Available data: Begin
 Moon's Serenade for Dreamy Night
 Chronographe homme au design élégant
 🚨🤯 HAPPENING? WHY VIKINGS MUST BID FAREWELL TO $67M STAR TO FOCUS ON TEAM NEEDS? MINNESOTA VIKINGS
Available data: End
Copy the full listing word for word.

# Solution to this task:
 Moon's Serenade for Dreamy Night
 Chronographe homme au design élégant
 🚨🤯 HAPPENING? WHY VIKINGS MUST BID FAREWELL TO $67M STAR TO FOCUS ON TEAM NEEDS? MINNESOTA VIKINGS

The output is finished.